First, rice is more of a whole grain than pasta. This is a general rule of thumb of course, since whole grain pasta does exists. Second, rice is overall less expensive than whole grain pasta. Plus it’s easier on the digestive system and covers the bases for anyone who is allergic to wheat or has gluten sensitivities. Plus, did I mention it was cheap? Like, 44¢/lb cheap!
You’ll save the most money by buying in bulk and packing some in a container with a lid, but being so affordable, it’s not the end of the world if you accidentally forgot the rice at home.
What are the plans for rice while on the road?
- homemade rice milk (which may let you get away without having to buy milk when you arrive!)
- side dish (add butter, salt & pepper to spruce it up)
- base for leftover stir fry (basically everything left at the end of the trip gets served chopped and over rice)
- reheats well
- cook slowly with milk for a creamy breakfast (serve with butter and maple syrup!)
- basic recipe only requires water
- serve with beans for a SUPER easy, protein-packed dish
These last two foods aren’t absolute necessities, but they do come in pretty handy. It all depends on what you have planned for your meals and what your family likes to eat.
Although not always travel-friendly, eggs can be purchased just about anywhere. You may have to forgo farm-fresh for a week if you have no clue where to look, but even conventional eggs are a good source of nutrition.
- in baking recipes
- scrambled, fried, hard-boiled
- great for any meal
- quiches (another way to use up leftover veggies, meat and rice at the end of the week)

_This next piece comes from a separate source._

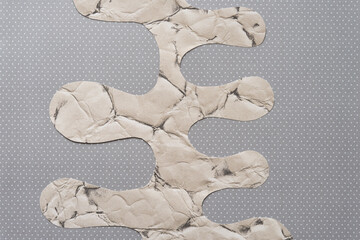 cut scrapbook paper with polyp or columnar edges on dotted gray paper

#6. Flour/Baking Powder/Salt
If you enjoy fresh biscuits, pancakes, waffles or the like, this baking combination will probably be higher on your list than last place. The easiest way to bring flour/baking powder/salt is to measure out what you need for a recipe into a ziploc bag and label with bag with the wet ingredients needed to finish it off, plus any baking instructions. I’ve found it’s best to make two batches of what you plan to make (i.e. two batches of biscuits, two batches of pancakes, etc.) because you can always bring the unused bag home and make it whenever you want. However, if your pancakes are a total hit and the crowd is wanting more, it’ll be a decent size dent into your pocketbook to buy it all at the local store. There’s also the “what do we do with all this stuff now?” factor, since you’ll likely have flour, baking powder and salt to spare. You’ll either haul it all home, throw it away or leave it for the next vacationing family to enjoy. The first is the most frugal option, but unfortunately, the latter two are more common.